After being buzzed by the UFO, Fuller radios the tower. “Controller, this is flight niner-one-five. Is there any other aircraft in the vicinity?” The tower reports: “Negative, Coop. Nothing but open sky between you and Bismarck.” In the actual incident, Gorman could clearly see a private plane (a Piper Cub) flying five hundred feet below him. The pilot of that craft also saw the UFO, as did at least two people on the ground.
In the fictional version, Fuller sees the Piper Cub before sighting the UFO, and during his close encounter he picks up a radio station from his home town of San Diego. The song the station is playing is “How High The Moon”. This radio broadcast is not mentioned in any accounts of the Gorman dogfight, so it may be entirely fictional.
In Washington, D.C., the (fictional) U.S. Secretary of Defense William Fairchild (Robert John Burke) has this exchange with Air Force General James Harding (Neal McDonough) after viewing part of Robert Wise’s film THE DAY THE EARTH STOOD STILL which was released on 20 September 1951:
FAIRCHILD: “The point is, Truman assembled this group to control the narrative on this issue, not Hollywood, and we are losing that war.”
HARDING: “Well, maybe stop admitting defeat all the time and you won’t feel that way, Mr. Secretary.”
FAIRCHILD: “The public knows there’s something going on now. The deeper we try and bury it…”
HARDING: “The safer we’ll be. Need I remind you, we don’t even know what the hell we’re dealing with here. Let Hollywood be the distraction. It’s the situation in Fargo we need to be worried about now.”
Hynek and his family are under surveillance from the moment he takes the job. We see a dark sedan tailing him as he is driven to the airport, and it might be (one is not quite certain) the same car that lures him into the abandoned amusement park. His wife Mimi (Laura Mennell) goes shopping and meets Susie Miller (Ksenia Solo), who seems friendly and offers fashion advice. Later we see Susie parked across the street from the Hyneks’ home, covertly taking pictures.

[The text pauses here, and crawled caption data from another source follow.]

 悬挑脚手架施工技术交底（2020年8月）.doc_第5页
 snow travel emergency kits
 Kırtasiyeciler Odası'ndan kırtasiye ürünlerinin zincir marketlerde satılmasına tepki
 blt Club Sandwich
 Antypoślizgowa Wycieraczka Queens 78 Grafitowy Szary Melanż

At the end of the episode, General Valentine (Michael Harney) and General Harding wonder what to do about Fuller:
VALENTINE: “This encounter goes deeper than we think.”

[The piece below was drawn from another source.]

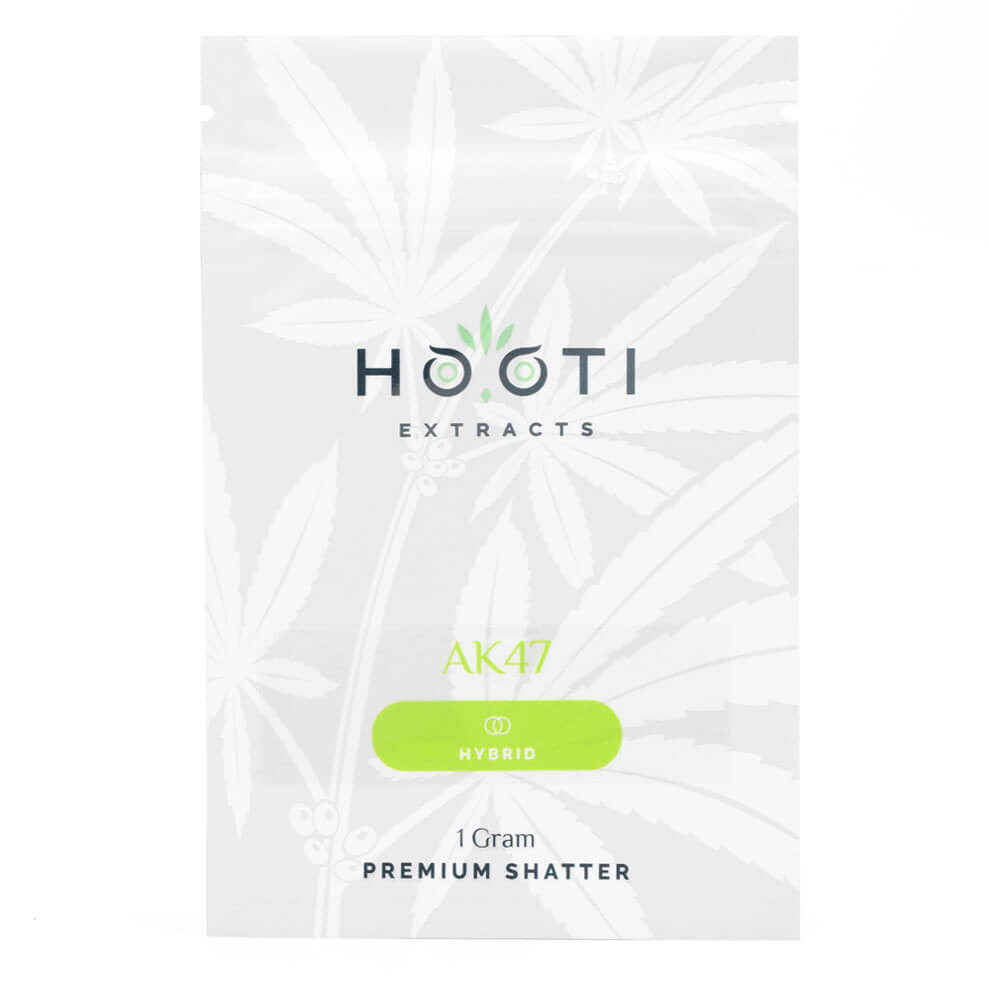 AK 47 Shatter (Hooti Extracts)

HARDING: “At Least we may have another candidate on our hands”
VALENTINE: “You went up there. You saw Fuller. What’s your gut?”
HARDING: “Initiate him into the program.”
VALENTINE: “Okay. You make the call.”
Hynek checks with the San Diego radio station and finds out they were playing the song Fuller heard at the time of the incident. He calls Quinn and tells him that, but keeps everything else he has discovered to himself.
Fuller is injected with something and taken from the hospital against his will. He is assured by his kidnappers that he “won’t remember a thing when it’s all over”. When they come for him, Fuller is listening to a recording of “How High the Moon“, which is the song he said he heard during the UFO encounter. Ella Fitzgerald released a version of that song in 1948, but what Fuller hears was released by Les Paul and Mary Ford in 1951.
Miscellaneous Info
Dr. Hynek actually began advising the U.S. Air Force on UFOs after it created Project Sign for that purpose in 1947. Project Blue Book was not created until March, 1952.
Aidan Gillen (J Allen Hynek) is Freddy Darby, London’s biggest crime boss, in LONDON CALLING, Allan Unger’s comedy about a mediocre hitman (Josh Duhamel) who accidentally kills a relative of Darby, forcing him to flee the UK for Los Angeles. Tommy makes a deal with his new employer (Rick Hoffman) in exchange for safe passage home. LONDON CALLING will be part of the “Industry Selects” program at the 2024 Toronto International Film Festival.
The show’s first episode grossed 3.1 million total viewers over its two telecasts on 8 January 2019. It was the top scripted series on cable of the 2018-19 TV season across all key demos and total viewers.